I usually install all the drives identically in this regard -
to be treated as first bios disk (disk 0x80).  As already
pointed out in this thread - not all BIOSes are able to boot
off a second or third disk, so if your first disk (sda) fail
your only option is to put your sdb into place of sda and boot
from it - this way, grub needs to think it's first boot drive
too.

By the way, lilo works here more easily and more reliable.
You just install a standard mbr (lilo has it too) which just
boots from an active partition, and install lilo onto the
raid array, and tell it to NOT do anything fancy with raid
at all (raid-extra-boot none).  But for this to work, you
have to have identical partitions with identical offsets -
at least for the boot partitions.

> After the power hit, I get:
> 
>> Error 16
>> Inconsistent filesystem mounted

But did it actually mount it?

> I then tried to boot up on hda1,1, hdd2,1 -- none of them worked.

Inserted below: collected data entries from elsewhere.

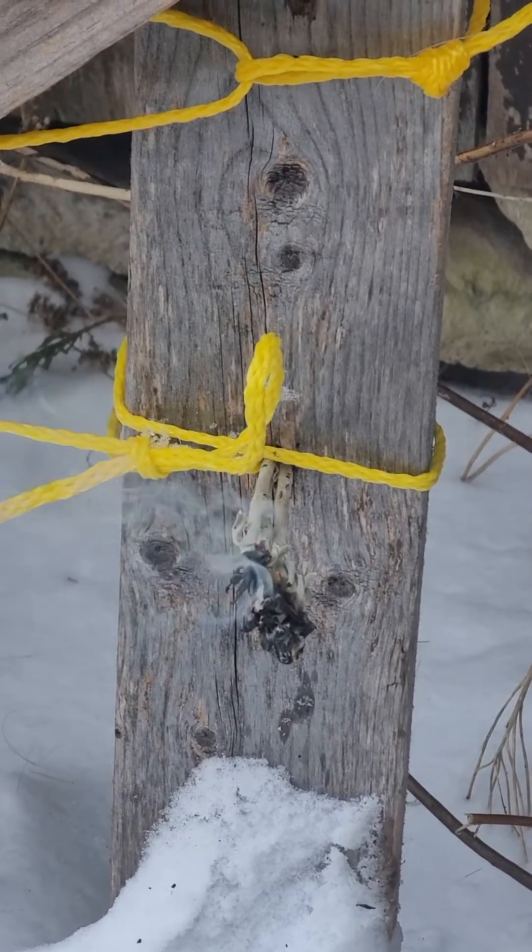Some people believe that if you use the brains of the animal that the hide came from — both the same brain and same hide — you're actually bringing the hide back to life. It's called revitalization. That's not what's occurring here, but like I said, this is a very special hide, and it's going to have a lot of energy in it.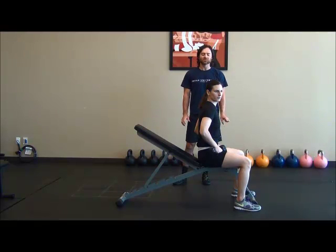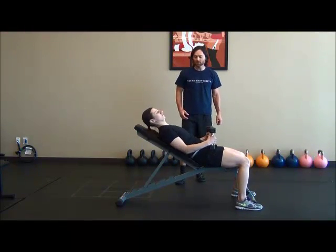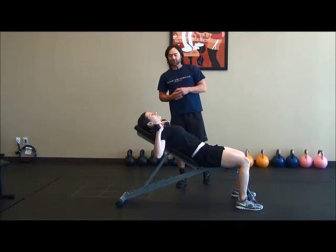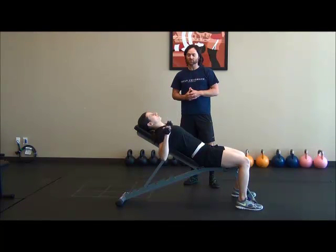This exercise is called the Dumbbell Chest Press. What we're going to do is have our client lay flat against an incline. She's going to bring the dumbbells towards the shoulders, and then she's going to push straight up and then lower the dumbbells back towards the shoulder.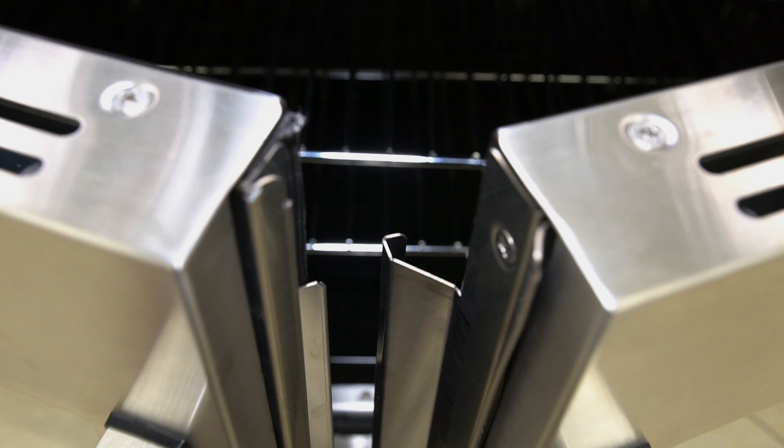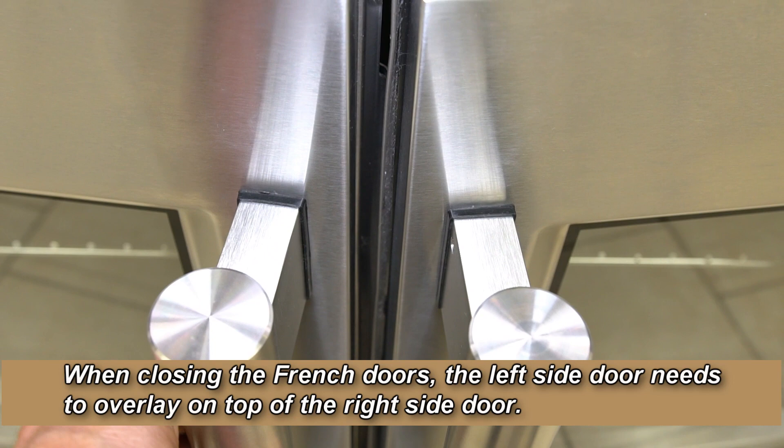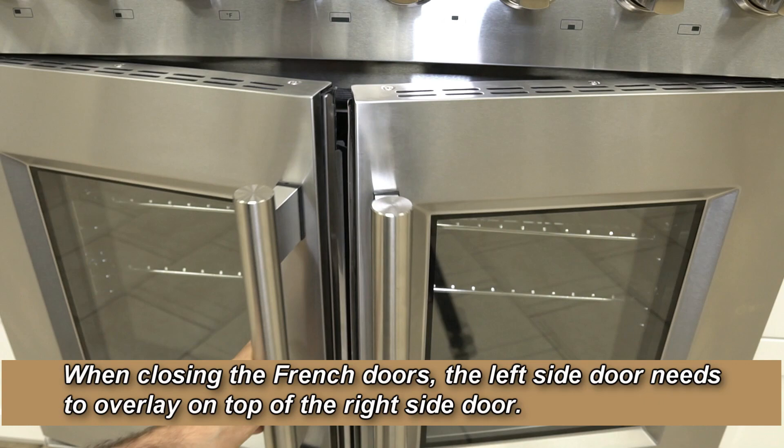The left side French door has a supported seal that must rest on the right side French door seal. As you close the French door, the left side seal will overlap on top of the right side French door seal. This method will ensure easy opening and closing.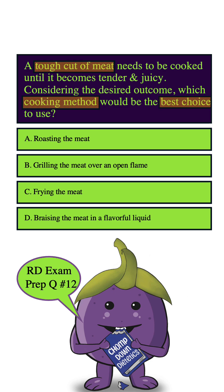A. Roasting the meat. For a tough cut of meat, roasting alone won't be enough to make it tender and juicy. It's a dry heat cooking method, and really, anytime you have a tough cut of meat, you want to use a moist heating method. So we can eliminate this answer choice because it's really not going to help our cause.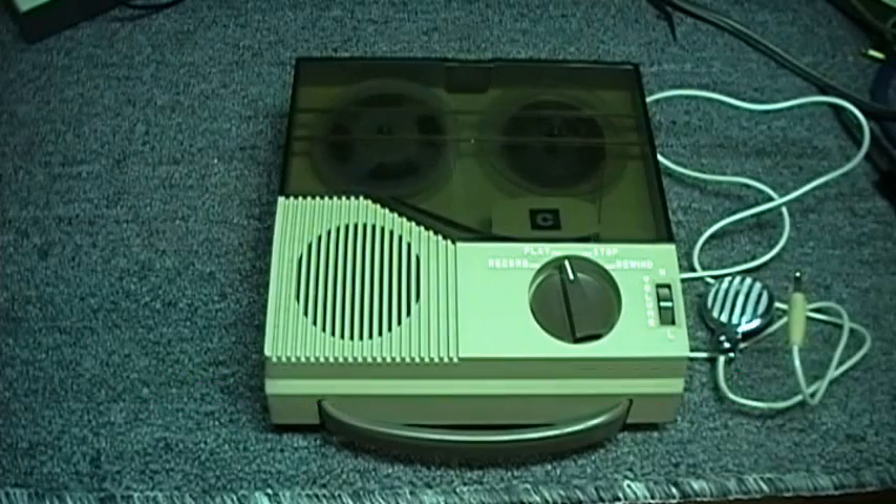This is the C, model FT-66, rim drive, DC, 3-inch, portable reel-to-reel tape recorder.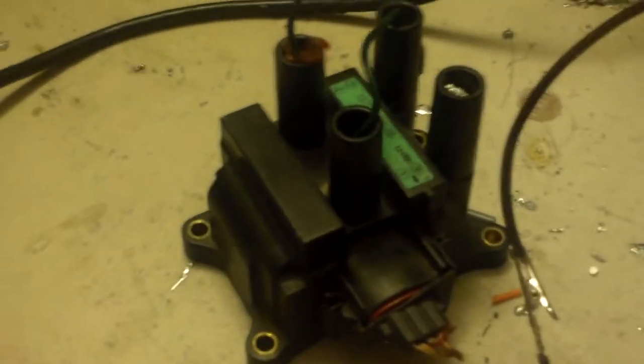Now I'm going to hook up this big ignition coil and see what it does. With this ignition coil I think you'll see a very big difference. The spark is about 2 inches long now. Now I'm going to turn it on.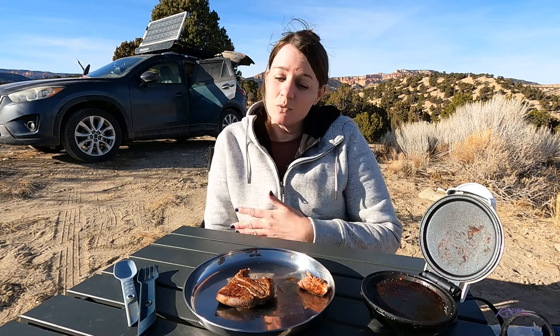If you have ideas for food to cook in the Dash Griddle, please comment below. I'm looking for ideas because I'll be bringing it with me on all of my camping trips. If you like this video, don't forget to give me a thumbs up and subscribe. I do camping trips, gear reviews, scenic drives, as well as videos like this. Thank you so much for watching and I'll see you in the next video. Bye!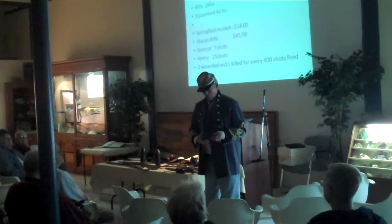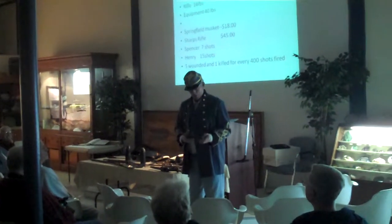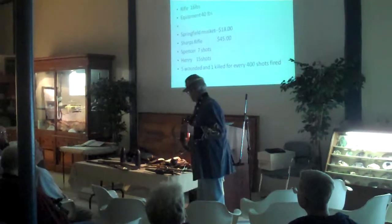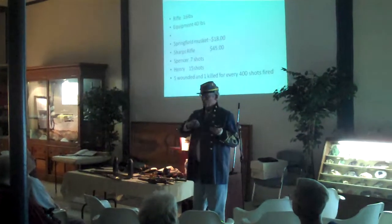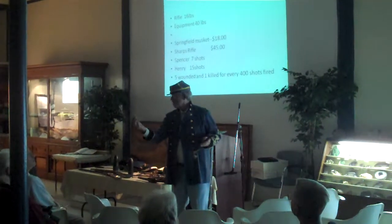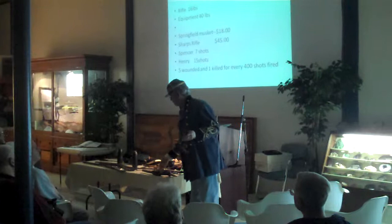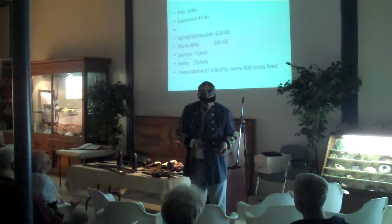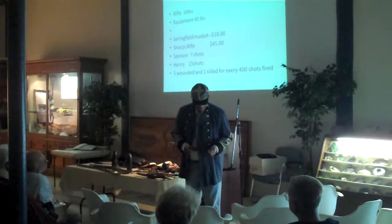People think, oh, that's like what we see in the westerns — no, it was used in the west, but wrong. What they don't realize was we didn't have bullets like this to go in here, and these things still used paper cartridges. Well, that's part of the problem, what we ran into.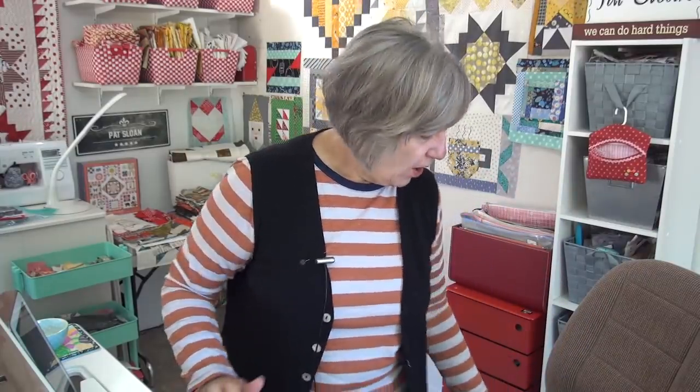Hi my friend, it's Pat Sloan here. It's Monday with our Happy Everything Sew Along — all being done from my holiday celebrations. We're taking different blocks and making a sampler.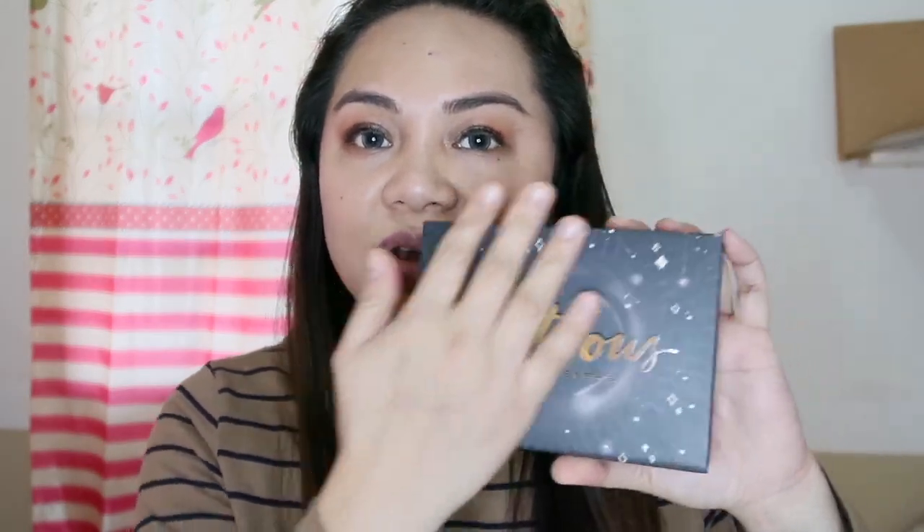So ito naman yung kanyang packaging. Very starry — parang diamonds, parang starry night. Ganun yung style niya. Ang peg niya. So it comes with three lipsticks and one lip brush.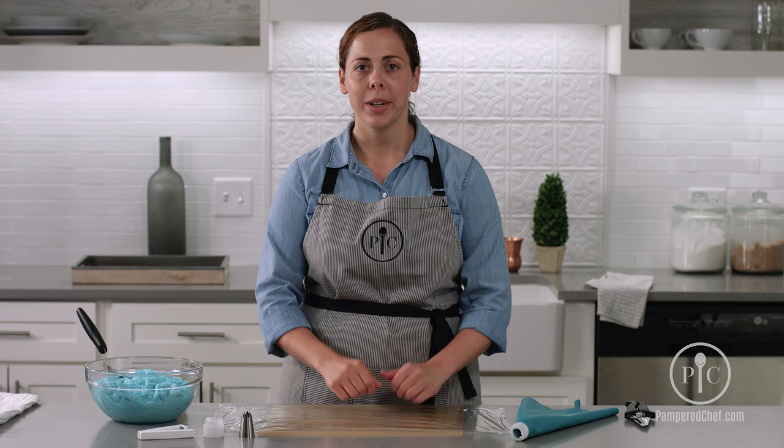Hi, I'm Kendra and we're going to talk about a quick tip on how to change out your frosting colors without having to clean your decorating bag.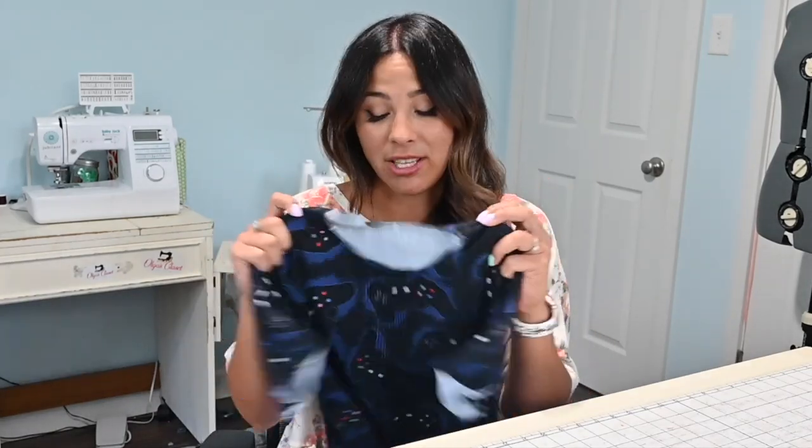Hey friends, it's Deanna here today. And today we're working with neck bands. I've got this cute t-shirt for my son and I am going to attach the neck band. And I have an extra step I want to try and show you about how you can make the back of your neck band be super neat. So let me show you what I'm talking about and let's do it together.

Which is in fact expected after the above.  You have 3 identical
copies (thanks to raid) of your boot filesystem, all 3 equally
broken.  When it boots, it assembles your /boot raid array - the
same regardless if you boot off hda, hdb or hdc.

> The culprit, in my opinion, is the reiserfs file system. During the
> power hit, the reiserfs file system of /boot was left in an inconsistent
> state; this meant I had up to three bad copies of /boot.

I've never seen any problem with ext[23] wrt unexpected power loss, so
far.  Running several 100s of different systems, some since 1998, some
since 2000.  Sure there was several inconsistencies, sometimes (maybe
once or twice) some minor data loss (only few newly created files were
lost), but most serious was to find a few items in lost+found after an
fsck - that's ext2, never seen that with ext3.

More, I tried hard to "force" a power failure at "unexpected" time, by
doing massive write operations and cutting power while at it - I was
never able to trigger any problem this way, at all.

In any case, even if ext[23] is somewhat damaged, it can be mounted
still - access to some files may return I/O errors (in the parts
where it's really damaged), but the rest will work.

On the other hand, I had several immediate issues with reiserfs.  It
was long time ago, when the filesystem first has been included into
mainline kernel, so that doesn't reflect current situation.  Yet even
at that stage, reiserfs was declared "stable" by the authors.  Issues
were trivially triggerable by cutting the power at an "unexpected"
time, and fsck didn't help several times.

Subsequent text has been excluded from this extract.